Brenda no le dio vueltas.
—Evaldo, eres un buen muchacho. La primera vez que te vi, me caíste muy bien. Pero acabo de escuchar algo… ¿que a ti te gustan los hombres?
—Entonces, ¿por qué te casaste con mi nieta?
El aire se puso pesado al instante.
Sania, a un lado, se quedó pálida.
Evaldo entendió de golpe: ahí estaba el problema.
—Parece que no he sido lo suficientemente claro —dijo con una risa suave, con un tono juguetón.
La mano que tenía sobre el hombro de Sania se deslizó hacia su mejilla. Con dos dedos le levantó el mentón, y ante la mirada atónita de ella, se inclinó y la besó.
El beso de Evaldo fue firme, imposible de esquivar, y no se quedó en un roce rápido.
Sania, por lo inesperado, apretó los dientes como defensa… pero al segundo él los separó con la punta de la lengua, y el calor entre sus labios la hizo temblar.
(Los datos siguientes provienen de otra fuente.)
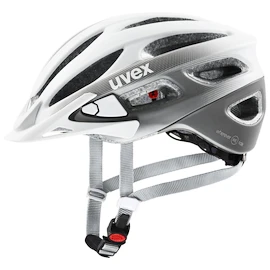 Casque de cyclisme Uvex True CC White-Grey We (S4100660100)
Sania se quedó rígida, cerró los ojos sin poder evitarlo, y de pronto todo se le amplificó: el aliento, el pulso, el olor frío y limpio que él traía encima, como madera y aire helado.
Cuando terminó, Evaldo se apartó apenas, y su pulgar siguió recorriendo la mejilla enrojecida de ella.
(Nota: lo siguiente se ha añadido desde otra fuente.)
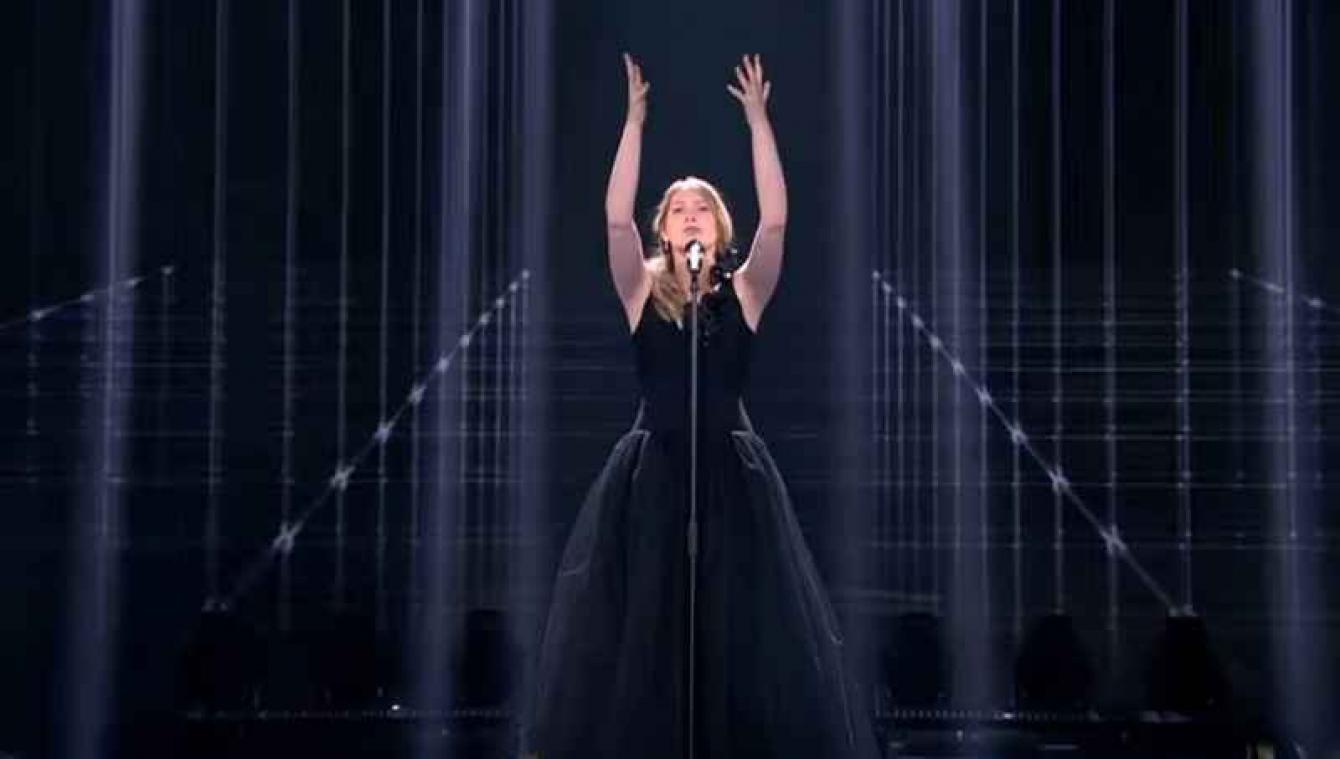 Eurosong: spannend afwachten hoe Blanche vanavond zal scoren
Luego miró a Brenda, con una sonrisa justa.
—Abuela, ¿todavía cree que me gustan los hombres?
La luz del atardecer le cortó el perfil, y el anillo plateado brilló un segundo, naranja, bajo el sol.
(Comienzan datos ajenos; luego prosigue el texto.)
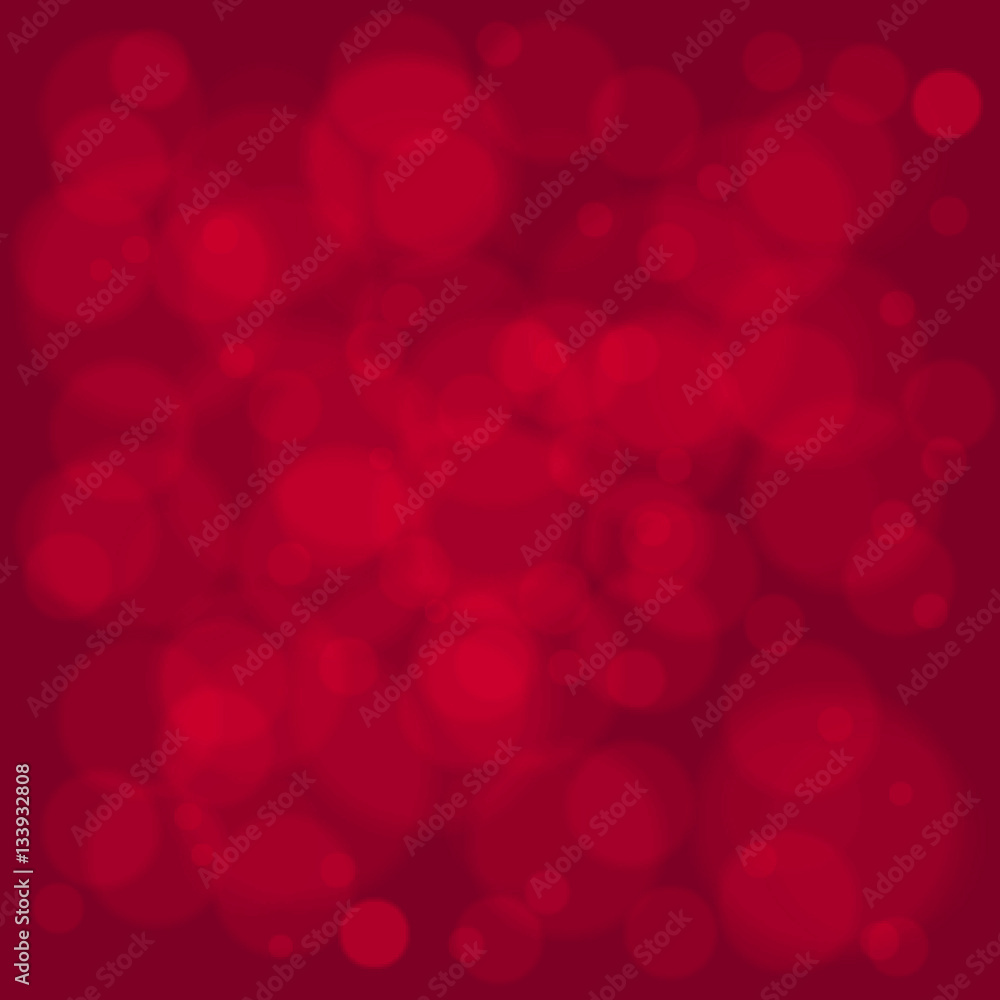 Background of light bokeh Background of light bokeh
La forma en que Evaldo la miraba, con una posesión tan evidente, hizo que Sania se quedara confundida por un instante.
Brenda se quedó quieta… y por fin sonrió, aliviada.
—Evaldo, no es que yo no te crea. Pero Sani es muy inocente… me da miedo que alguien se aproveche de ella.
—Abuela, ¿cómo me voy a enojar con usted? Si no, llegando a casa, su nieta no sé cómo me va a regañar.
Al final, entre los dos lograron calmar a la señora.
Sania no paró de pedirle a la cuidadora que esa noche la vigilara bien, y que si veía cualquier cambio, le llamara de inmediato.
Evaldo le dejó unos billetes a la cuidadora, y claro, ella aceptó encantada.
En el carro, Sania no se atrevía a mirarlo. Ese beso había sido, en toda regla, su primer beso.
Ni siquiera cuando anduvo a escondidas con Marco, en esa relación clandestina, llegaron a besarse.
Evaldo la observó, viendo cómo hasta las orejas se le habían puesto rosadas, y se le acercó a propósito.
—Sra. Camoso… ¿ahorita estás arrepentida de haber besado a este “gay”…?
—¿O estás triste porque el beso te duró muy poquito?